Core Advantages of Aluminum Profiles in Drone Applications: Precisely Meeting Flight Requirements
The reason aluminum profiles have become a core material for key drone components lies in the inherent alignment of their form and properties with the flight characteristics of drones:
Balanced Lightweight Design and High Strength, Extending Range: Aluminum profiles can be extruded into hollow structures (e.g., rectangular tubes, shaped tubes), further reducing weight while ensuring strength. For instance, a drone fuselage frame made from 6061-T6 aluminum alloy is over 60% lighter than a steel frame of equivalent strength and 40% lighter than a titanium alloy frame, directly enhancing the drone’s flight endurance.
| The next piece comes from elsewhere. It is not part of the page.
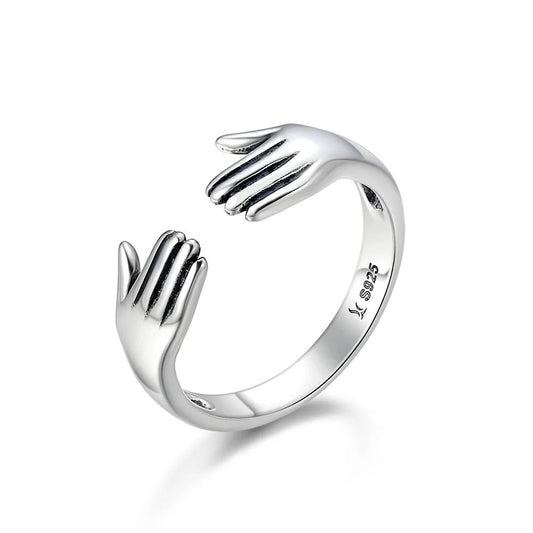 Sterling Silver Hand Hug Adjustable Ring - Care Open Ring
Taking consumer-grade aerial photography drones as an example, a fuselage frame made from 6063-T5 aluminum profiles, weighing only 150-200g, can withstand impacts 5-8 times its own weight, meeting the demands of routine flight and minor collisions.
Forming Complex, Shaped Structures for Compact Design: The internal space of a drone fuselage is confined, requiring the integration of numerous components such as motors, batteries, flight controllers, and sensors. This places extremely high demands on structural “compactness” and “compatibility.” Aluminum profiles, through custom mold design and extrusion, can create complex cross-sections (e.g., motor mounts with clip slots, battery bay frames with cooling fins), integrating multiple functions into a single profile. This reduces the number of parts needing assembly, minimizing assembly errors and weight.
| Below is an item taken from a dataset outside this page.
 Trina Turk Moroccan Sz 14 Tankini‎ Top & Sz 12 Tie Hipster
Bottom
Excellent Vibration Resistance and Weather Durability, Ensuring Flight Stability: Drones face continuous vibration during flight (from motor operation, airflow disturbance) and outdoor environmental challenges (temperature changes, rain, dust). 6-series aluminum profiles, after T6 heat treatment, show significantly improved fatigue resistance. Surface treatment via anodizing creates an oxide film 10-15μm thick, with salt spray resistance exceeding 48 hours. In scenarios like agricultural plant protection (high humidity) and marine surveying (high salt spray), this effectively protects against environmental corrosion, extending component service life.
Flexible Processing and Controllable Costs, Suiting Batch Production: Aluminum profiles can be assembled using simple processes like cutting, drilling, and bending, eliminating the need for complex techniques. Their processing cycle is only one-third that of titanium alloys. Furthermore, the raw material cost for 6-series aluminum alloys is low, and mold development costs are significantly lower than for magnesium or titanium alloys. This makes them well-suited for the “multi-model, small-to-medium batch” production model common in the drone industry. For example, consumer drone manufacturers using standardized 6063 aluminum profiles can achieve daily production of thousands of frames, substantially reducing unit costs.